A special case of Stokes' theorem is the divergence theorem, so check that one out.

$-\frac{1}{2} \int d^dx \partial_\mu \lambda^a \Delta^{\mu \nu} A_\nu^a = - \frac{1}{2} \int_{S^{d-1}} n_\mu \lambda^a \Delta^{\mu \nu} A_\nu^a + \frac{1}{2} \int d^dx \lambda^a \partial_\mu \Delta^{\mu \nu} A_\nu^a$

where $n^\mu$ are the components of the vector normal to the surface of the $S^{d-1}$.
Is that correct?

Then do we just say that this term vanishes because either $A$ or $\lambda$ vanishes at infinity. Which one is it though?
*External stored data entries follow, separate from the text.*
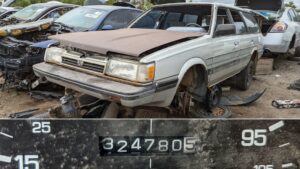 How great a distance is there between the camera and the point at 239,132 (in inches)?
78.0

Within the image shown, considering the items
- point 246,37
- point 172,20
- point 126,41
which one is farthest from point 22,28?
point 246,37

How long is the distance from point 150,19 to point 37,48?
196cm

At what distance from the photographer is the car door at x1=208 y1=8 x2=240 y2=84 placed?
4.78 m

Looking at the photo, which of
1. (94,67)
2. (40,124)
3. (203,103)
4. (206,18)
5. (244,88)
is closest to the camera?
(40,124)

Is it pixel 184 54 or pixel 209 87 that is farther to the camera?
pixel 209 87

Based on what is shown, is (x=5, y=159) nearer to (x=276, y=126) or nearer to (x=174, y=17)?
(x=276, y=126)

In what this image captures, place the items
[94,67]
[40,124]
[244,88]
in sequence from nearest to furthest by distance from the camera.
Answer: [40,124]
[94,67]
[244,88]

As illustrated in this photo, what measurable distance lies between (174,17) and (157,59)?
6.89 ft

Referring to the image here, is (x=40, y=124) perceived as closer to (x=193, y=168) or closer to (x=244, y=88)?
(x=193, y=168)

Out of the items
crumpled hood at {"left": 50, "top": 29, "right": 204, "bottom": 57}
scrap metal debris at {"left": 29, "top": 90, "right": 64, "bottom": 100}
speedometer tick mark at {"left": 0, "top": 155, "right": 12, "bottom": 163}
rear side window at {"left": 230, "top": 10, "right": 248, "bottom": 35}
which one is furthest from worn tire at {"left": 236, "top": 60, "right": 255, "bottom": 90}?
speedometer tick mark at {"left": 0, "top": 155, "right": 12, "bottom": 163}

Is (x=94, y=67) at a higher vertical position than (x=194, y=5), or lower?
lower

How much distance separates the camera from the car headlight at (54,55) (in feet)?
13.7

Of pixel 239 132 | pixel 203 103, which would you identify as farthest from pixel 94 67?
pixel 239 132

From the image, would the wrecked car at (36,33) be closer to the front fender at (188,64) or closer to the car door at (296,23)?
the front fender at (188,64) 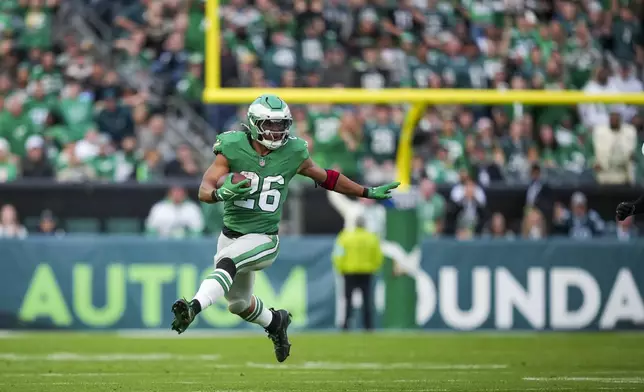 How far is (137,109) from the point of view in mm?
16922

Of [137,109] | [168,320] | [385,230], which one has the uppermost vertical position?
[137,109]

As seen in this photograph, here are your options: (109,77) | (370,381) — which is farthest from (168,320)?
(370,381)

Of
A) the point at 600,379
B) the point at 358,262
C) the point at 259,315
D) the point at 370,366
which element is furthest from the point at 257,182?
the point at 358,262

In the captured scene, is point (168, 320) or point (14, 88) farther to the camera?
point (14, 88)

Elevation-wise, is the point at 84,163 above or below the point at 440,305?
above

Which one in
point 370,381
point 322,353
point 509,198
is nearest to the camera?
point 370,381

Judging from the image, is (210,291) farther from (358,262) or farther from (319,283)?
(319,283)

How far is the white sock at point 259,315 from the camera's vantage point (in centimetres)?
915

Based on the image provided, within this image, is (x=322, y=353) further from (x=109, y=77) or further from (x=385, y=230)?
(x=109, y=77)

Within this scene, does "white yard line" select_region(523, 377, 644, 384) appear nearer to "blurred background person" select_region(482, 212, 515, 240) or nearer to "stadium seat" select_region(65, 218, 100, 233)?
"blurred background person" select_region(482, 212, 515, 240)

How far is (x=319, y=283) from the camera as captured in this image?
15.6 m

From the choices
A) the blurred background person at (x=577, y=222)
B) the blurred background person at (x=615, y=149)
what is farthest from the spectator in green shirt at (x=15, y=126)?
the blurred background person at (x=615, y=149)

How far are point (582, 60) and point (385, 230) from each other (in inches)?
125

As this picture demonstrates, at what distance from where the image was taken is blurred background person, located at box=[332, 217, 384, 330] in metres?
14.8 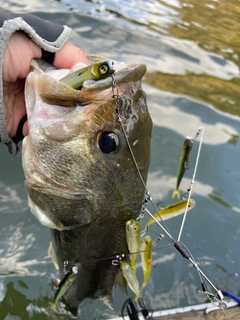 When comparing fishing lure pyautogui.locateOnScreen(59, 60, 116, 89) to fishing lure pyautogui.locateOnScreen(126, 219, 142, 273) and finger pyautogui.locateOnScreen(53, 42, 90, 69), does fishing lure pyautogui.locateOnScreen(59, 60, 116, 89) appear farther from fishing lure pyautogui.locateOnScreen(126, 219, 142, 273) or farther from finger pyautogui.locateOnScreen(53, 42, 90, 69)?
fishing lure pyautogui.locateOnScreen(126, 219, 142, 273)

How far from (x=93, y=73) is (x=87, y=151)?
0.33m

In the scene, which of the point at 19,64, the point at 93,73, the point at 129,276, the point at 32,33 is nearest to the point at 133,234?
the point at 129,276

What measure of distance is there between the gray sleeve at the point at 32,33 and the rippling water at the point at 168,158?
4.18 ft

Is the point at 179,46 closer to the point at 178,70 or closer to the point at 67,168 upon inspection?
the point at 178,70

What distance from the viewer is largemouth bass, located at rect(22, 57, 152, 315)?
5.46 feet

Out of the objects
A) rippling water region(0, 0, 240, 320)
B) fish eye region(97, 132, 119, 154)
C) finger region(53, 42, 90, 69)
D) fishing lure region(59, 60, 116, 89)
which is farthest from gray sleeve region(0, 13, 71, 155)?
rippling water region(0, 0, 240, 320)

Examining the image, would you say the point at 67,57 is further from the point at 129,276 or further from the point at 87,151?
the point at 129,276

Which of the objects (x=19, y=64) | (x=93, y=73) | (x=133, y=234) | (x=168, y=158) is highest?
(x=93, y=73)

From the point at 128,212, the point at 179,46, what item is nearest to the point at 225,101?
the point at 179,46

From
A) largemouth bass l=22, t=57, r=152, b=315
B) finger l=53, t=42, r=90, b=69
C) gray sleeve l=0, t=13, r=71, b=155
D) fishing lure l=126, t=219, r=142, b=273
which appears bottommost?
fishing lure l=126, t=219, r=142, b=273

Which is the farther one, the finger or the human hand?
the finger

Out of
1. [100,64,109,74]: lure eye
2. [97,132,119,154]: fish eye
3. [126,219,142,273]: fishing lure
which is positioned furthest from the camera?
[126,219,142,273]: fishing lure

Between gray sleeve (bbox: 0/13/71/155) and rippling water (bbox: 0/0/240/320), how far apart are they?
1273 millimetres

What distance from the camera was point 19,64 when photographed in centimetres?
201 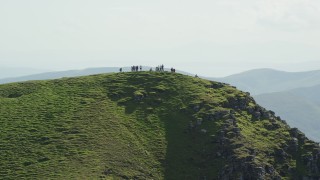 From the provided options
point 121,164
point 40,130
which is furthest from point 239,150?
point 40,130

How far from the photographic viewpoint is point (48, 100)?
136125mm

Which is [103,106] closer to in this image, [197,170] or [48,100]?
[48,100]

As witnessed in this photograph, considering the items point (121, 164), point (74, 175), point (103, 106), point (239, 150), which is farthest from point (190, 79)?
point (74, 175)

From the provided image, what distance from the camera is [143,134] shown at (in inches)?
4739

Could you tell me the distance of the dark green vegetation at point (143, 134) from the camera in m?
106

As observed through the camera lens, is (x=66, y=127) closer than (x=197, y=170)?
No

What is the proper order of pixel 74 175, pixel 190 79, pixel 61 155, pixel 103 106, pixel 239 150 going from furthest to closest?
pixel 190 79 → pixel 103 106 → pixel 239 150 → pixel 61 155 → pixel 74 175

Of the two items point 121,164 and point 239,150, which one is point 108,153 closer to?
point 121,164

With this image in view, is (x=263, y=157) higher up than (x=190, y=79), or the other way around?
(x=190, y=79)

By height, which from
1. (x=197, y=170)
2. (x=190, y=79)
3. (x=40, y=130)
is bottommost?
(x=197, y=170)

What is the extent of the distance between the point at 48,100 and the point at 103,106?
17.8 meters

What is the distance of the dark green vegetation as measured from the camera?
105750mm

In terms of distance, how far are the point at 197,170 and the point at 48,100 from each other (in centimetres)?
5310

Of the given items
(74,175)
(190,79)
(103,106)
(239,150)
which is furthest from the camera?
(190,79)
Am I right in saying it would need to be $\lambda$ since we don't have an A term only derivatives of A?
Even if it is the $\lambda$ term that vanishes - I don't understand physically why it should?

Thanks.

 

[fzero]

$-\frac{1}{2} \int d^dx \partial_\mu \lambda^a \Delta^{\mu \nu} A_\nu^a = - \frac{1}{2} \int_{S^{d-1}} n_\mu \lambda^a \Delta^{\mu \nu} A_\nu^a + \frac{1}{2} \int d^dx \lambda^a \partial_\mu \Delta^{\mu \nu} A_\nu^a$

where $n^\mu$ are the components of the vector normal to the surface of the $S^{d-1}$.
Is that correct?

Then do we just say that this term vanishes because either $A$ or $\lambda$ vanishes at infinity. Which one is it though? Am I right in saying it would need to be $\lambda$ since we don't have an A term only derivatives of A?
Even if it is the $\lambda$ term that vanishes - I don't understand physically why it should?

Thanks.

We just require that the variation of the fields vanishes at the boundary. We're only considering infinitesimal variations, so we can do this.